Saturday, July 5, 2014

Columbia LP Covers, 1957-62

This is part 3 of a series devoted to branding changes at Columbia Records in the first fifteen years or so after their successful launch of the long-playing record in 1948.  See also part 1 and part 2.

At the end of Part 2 I showed that the cover branding arrived at by Columbia, around the spring of 1957, looked like this:

This very attractive branding was usually placed at the top right corner of the album cover. By the time stereophonic LPs were introduced by Columbia in September 1958, the arrangement had been modified slightly, with the "LP" component moved up and to the right of the Eye:

...a modification which enabled the trademarks to be displayed flush with the "stereo" indicator at the top of the cover:

(For monaural releases with a stereo counterpart, the trademarks were displayed at the bottom of the cover.)

This basic setup remained unchanged until about the summer of 1960, at which point, the trademarks lost their top-of-the-cover status on stereo issues, and they were reduced markedly in size:

The next major change to the trademarks occurred in the summer of 1961 - the "Lp" portion, presumably by then considered redundant, was dropped, and the Eye transformed into its final form with three concentric rings:

This branding lasted only a few months. By the end of 1961, new albums were featuring this greatly simplified configuration in the upper left part of the cover:

This basic design remained in use, with minor changes in typography and placement, through the late 1970s on Masterworks releases (the entire classical division of Columbia was rebranded "CBS Masterworks" around 1980), and continues in use to this day for Sony's Columbia popular releases. (Incidentally, ML 5746, a recital of French piano music by André Previn, was one of the last releases to be issued with the old "6-eyes" label - in the summer of 1962.)

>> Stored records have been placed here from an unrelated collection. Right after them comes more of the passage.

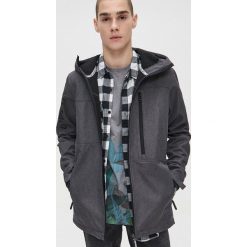 Bluza typu softshell z kapturem - Szary. Szare bluzy męskie Cropp, s, bez wzorów, z softshellu, z kapturem, bez rękawów, z kapturem. Za 169,99 zł.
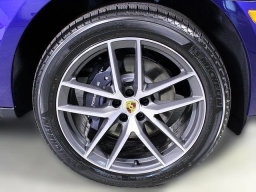 Porsche Macan T AWD 2026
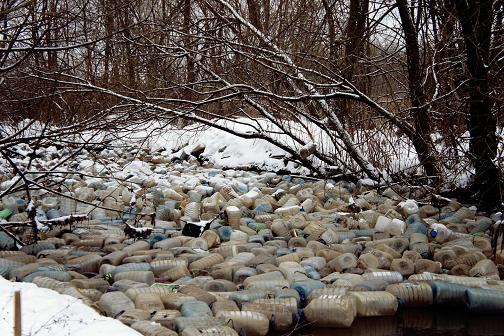 пробка из пластикового мусора в реке Битца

So why did Columbia, having found a seemingly satisfactory formula for displaying its trademarks on album covers from 1957-60, feel the need for another change? A possible answer is hinted at in an article in the August 29, 1960, issue of Billboard Magazine headlined "Columbia, Philips in New Long-Term Pact Talks." It seems that Columbia had become dissatisfied with having Philips issue its product in Europe, and wanted its own label presence there, as RCA and Capitol already had. Since the Columbia name could not be used there, as EMI owned it, the proposed new label was to be known as "CBS Records." (Philips, for its part, did not relish the idea of giving up popular American product on its label, which is why Philips purchased Mercury Records in 1962.) My guess is that Columbia wanted to update its Eye trademark to fit a new international image. Certainly by the time CBS Records was launched in Europe in 1962, the Eye logo had assumed its new look and was being used to identify the new label.


  1. Thanks, Merci ! for these covers series !!!

  2. Do you know the year of the earliest issues on CBS in the US? I remember a number of LPs conducted by Boulez, and Carlos Chavez conducting his own works. The branding was similar to the European product. Did they have a transition in mind for America? Eventually they abandoned this line, and the records they wanted to keep in the catalog became Columbia Masterworks, or in some cases Odyssey.

    1. The CBS set with Chavez conducting his six symphonies dates from 1967, according to It has an eight digit catalog number without a prefix (with spaces, in the grouping xx xx xxxx), similar to those of Odyssey issues of the same time.
      I remember reading somewhere, when I was poring through the Billboard issues, that Columbia Records in the US did in fact consider renaming itself "CBS Records" - for pops as well as classical - but unfortunately I failed to make a note of the date of the article! It was in '63 or '64, but nothing, obviously, came of it at that time.

    2. The first US CBS issue appears to have been of Copland conducting "Music for a Great City" and "Statements" (32 11 0001 mono/32 11 0002 stereo). It was reviewed in the Aug. 27, 1966, issue of Billboard. In the same issue, a 2-page ad for Epic's new budget line Crossroads appears, and an article elsewhere in the magazine mentions that the Odyssey line is scheduled to debut in January 1967. Earlier in the month Columbia had a 2-page ad introducing their 8-track cartridge line, which also featured 8-digit catalog numbers, as did Crossroads and Odyssey. (The Copland CBS record was reissued four or five years later as Columbia M 30374.)